After a couple days, my knee still felt weak. Then, I noticed my young son doing some "calf raises" (raising up on your toes). He does them periodically, and they aren't done for any specific purpose (like to reach something high). I'm assuming this is a built-in behavior which probably helps eventually develop the arch muscles.
I figured, what the heck, I would try them too. So the last few days, I did a quick set of 20 calf raises in the morning. Almost instantly, my knee felt better. Now this could have been a coincidence, but my other knee actually felt stronger as well!
I wonder if this kind of "Paleo" physical therapy, consisting of simple, natural movements, is on the horizon. I know there are people out there doing similar things already, but I wonder if this could the next branch of the overall Paleo movement.





Matt,
As a physical therapist myself I’m quite fascinated with the insights I’ve gotten from a evolutionary/paleo approach to my profession. Some changes are minor, some major, but nothing out of the ordinary. It is mostly my mental framework that has changed.
For a long time I’ve been thinking about blogging, and maybe I should. The only blogger with an interest in paleo and physical therapy I know of: Bettermovement.org. Good blog.
Cheers
Hi Matt,
Great blog. I’m also a physical therapist. A current trend right now in the field is a move away from the biomedical model of injury toward restoring natural movements and encouraging people to move in ways that will help them overcome the pain associated with injuries faster, just like you did with the calf raises.
There’s also a lot of discussion about what adults can learn from kids in terms of how to do basic things like run or squat properly–so you’re definitely on to something.
Hey Matt,
The natural movement approach is becoming more and more useful in the coming years. The calf raises you talked about are a good example of the paleo method working.

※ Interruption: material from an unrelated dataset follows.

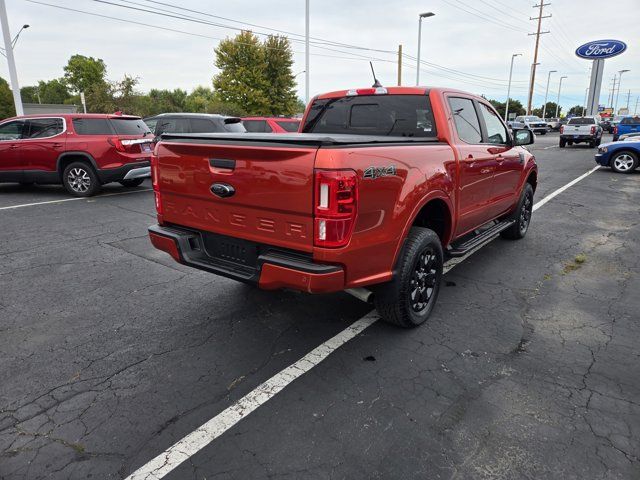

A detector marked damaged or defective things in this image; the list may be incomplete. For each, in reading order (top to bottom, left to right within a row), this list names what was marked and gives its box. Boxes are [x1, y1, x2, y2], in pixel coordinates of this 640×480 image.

I’ve been following the Paleo/Primal lifestyle for the past few months and have been seeing a great deal of success. Please read about my story and the method I followed here: http://mikeshonestreviews.com/paleoprimal-diet-review
Thanks.
Mike
shallow squats with heels raised is very effective for building knee muscle strength. The raised heels protect the knees while the squats make them stronger.
I’m a big time functional fitness guy (I hate the term “cross fitter”). I had some shoulder issues a while back from overuse and poor form in pressing. I attended Kelly Starett’s Mobility and Movement seminar and he taught some interesting principles for correcting movement deficiencies and mobilizing at points of restriction. He teaches to look “upstream” and “down stream” from your problem area. For example, in my case, I had some really tight tissue in my upper back/traps area and also my ches which was preventing adequate range of motion in my shouldert. Loosening those tissues up with a lacrosse ball and some range of motion drills solved my shoulder problem. I learned some better form/technique to prevent further injury.
Sounds like you’re touching on the down stream idea here with your calf exercises. Strengthening muscles around your knee will help stabilize and support the knee joint. I’d look upstream too – strengthening your quads and hamstrings/posterior chain will definitely help with knee joint stability.
Highly recommend what KStarr preaches. He publishes his “Mobility WOD” website with free videos on different mobility exercises you can do to overcome your injuries. Check it out here: www [dot] mobilitywod [dot] com.
Again, I’m no physical therapist, but these things work for me – and they’re free.
Chris,
Thanks. I’ve been thinking about the posterior chain myself. The knee could be a side effect.